This isn't taxonomy for taxonomy's sake. Each tier demands different modeling strategies, training data, and evaluation metrics. Low-Level Visual is closer to frame-wise change detection; Composite requires long-context reasoning.


5. Multimodal Grounding: Beyond Text

There's a recurring constraint we hit in enterprise video segmentation: text alone often can't specify what to look for.

Why Text Isn't Enough

Take a travel content platform. The problem they want to solve:

Across tens of thousands of vlogs by foreign visitors to Seoul, find every moment "N Seoul Tower" appears on screen. And classify whether it's a distant establishing shot from the Han River or city skyline, a cut while walking through Namsan Park, a close-up from the observation deck, or a night-time light-up.

Text alone doesn't cut it. Just because a model knows the name "N Seoul Tower" doesn't mean it can reliably summon the visual appearance. Linguistic recognition and visual identification of a specific entity are separable problems in video-language models. Depending on training distribution, the visual representation may be fuzzy, or it may get confused with similar-looking broadcasting towers like Tokyo Tower or the CN Tower. Hand the model a single reference image of N Seoul Tower, and now it has a visual-embedding anchor to compare directly against video frames. The "translate text into vision" burden disappears.
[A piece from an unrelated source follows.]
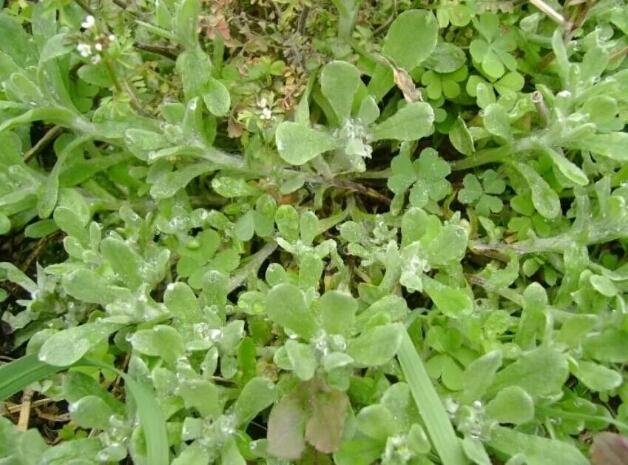 用田里的野草做饼,你吃过吗,田艾籺(饼)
The Entity Reference System

TBM supports media_sources. You insert <reference_name> tags inside a segment definition, and the model can point to user-registered reference images directly from the prose.
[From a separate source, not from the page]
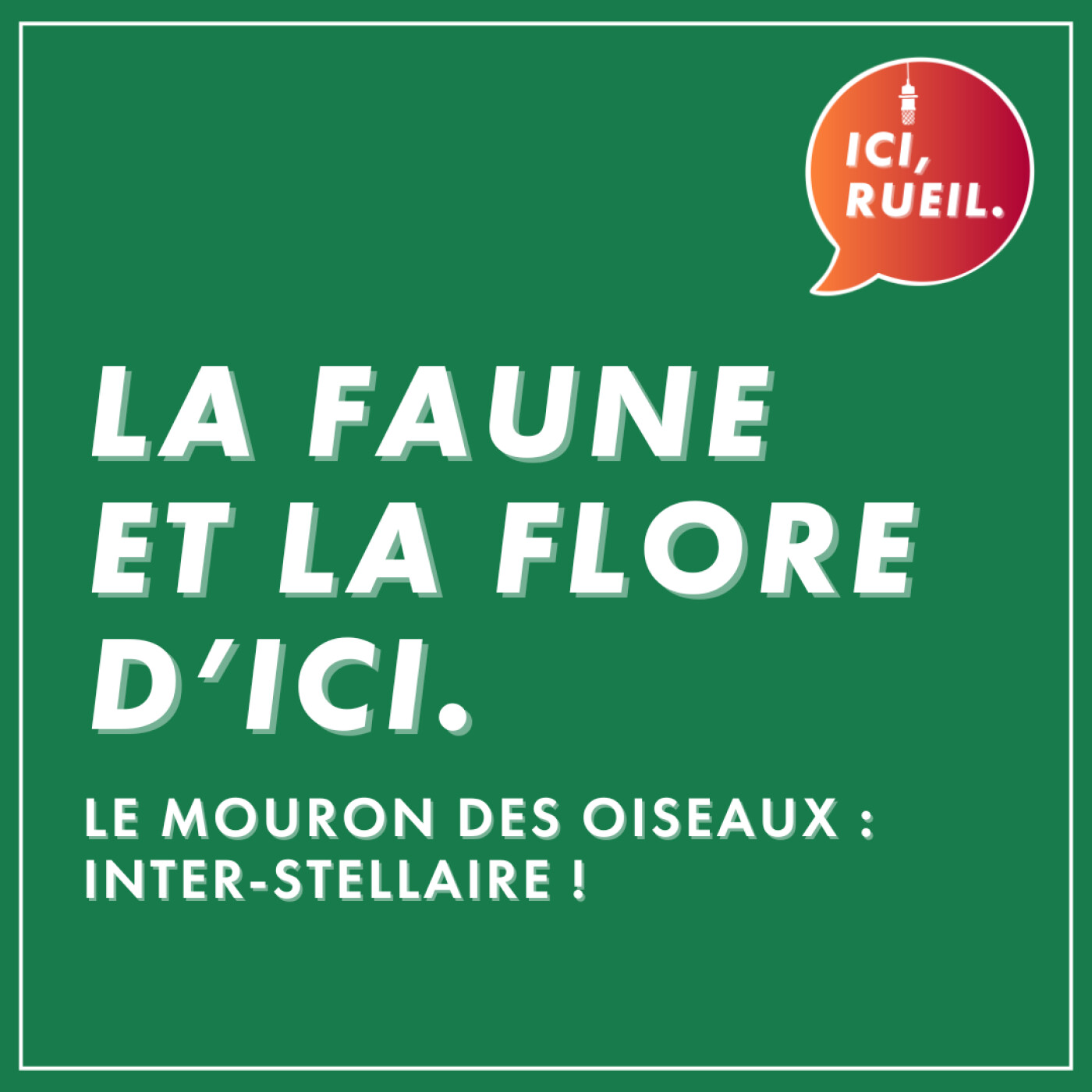La Faune et la Flore d'Ici : Le mouron des oiseaux, inter-stellaire ! episode artwork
출처 - 세종학당재단, https://www.kogl.or.kr/recommend/recommendDivView.do?oc=&recommendIdx=91796&division=img#

Source: King Sejong Institute Foundation (KSIF)

{
  "segment_definitions": [{
    "id": "namsan_tower_appearances",
    "media_sources": [
      { "name": "namsan_tower_img", "media_type": "image", "media_url": "<https://cdn>.../namsan_tower.jpg" }
    ],
    "description": "Moments where N Seoul Tower, identified by <namsan_tower_img>, appears on screen",
    "fields": [
      { "name": "screen_prominence", "type": "string",
        "enum": ["HERO_SHOT", "PARTIAL", "BACKGROUND"] },
      { "name": "shot_type", "type": "string",
        "enum": ["CITY_ESTABLISHING", "PARK_WALK", "OBSERVATION_DECK", "NIGHT_LIGHTUP"] }
    ]
  }]
}

From a modeling standpoint, this reframes segmentation from an open-vocabulary detection problem into a grounded retrieval + temporal localization problem:

  1. Reference resolution: the model has to bind <namsan_tower_img> to a specific visual appearance pattern across the entire video.
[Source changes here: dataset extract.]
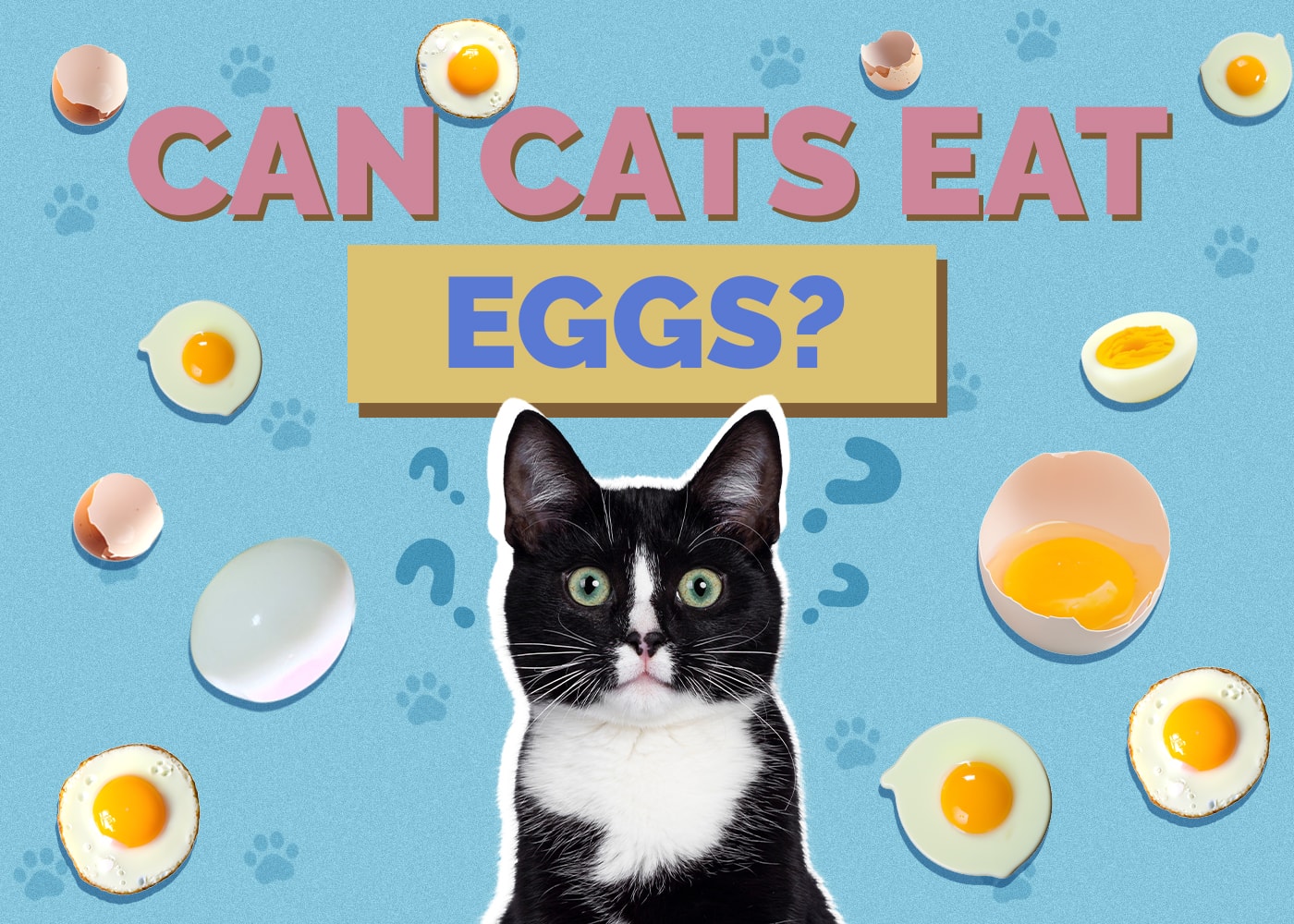 Can Cats Eat eggs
  2. Visual embedding alignment: the reference image is encoded into the same representation space as the video frames.

  3. Conditional boundary detection: segment boundaries are determined by the co-occurrence of a specific visual entity, not by generic scene transitions.

That's the difference between "find cityscape shots" and "find shots where N Seoul Tower appears." Not a difference in technical difficulty — a difference in what problem the product is actually solving.

Once entity grounding enters the picture, segmentation can fail along three axes: temporal boundaries, semantic labels, and visual entity resolution. That adds another dimension to the evaluation problem.


6. Quality Assurance: Dual-Track Evaluation

The most decisive — and most counterintuitive — finding from operating TBM was that you can't judge segmentation quality with a single score.

The Hidden Coupling Problem

Compare these two failure scenarios:

Scenario A. The model produces a 10.0s–25.0s segment. The ground truth is 12.0s–48.0s. It caught the anchor's 15-second intro but completely missed the 23 seconds of main story that followed. Anchor name, topic, speaker tagging — all perfect. But the temporal boundary covered only a third of the actual content.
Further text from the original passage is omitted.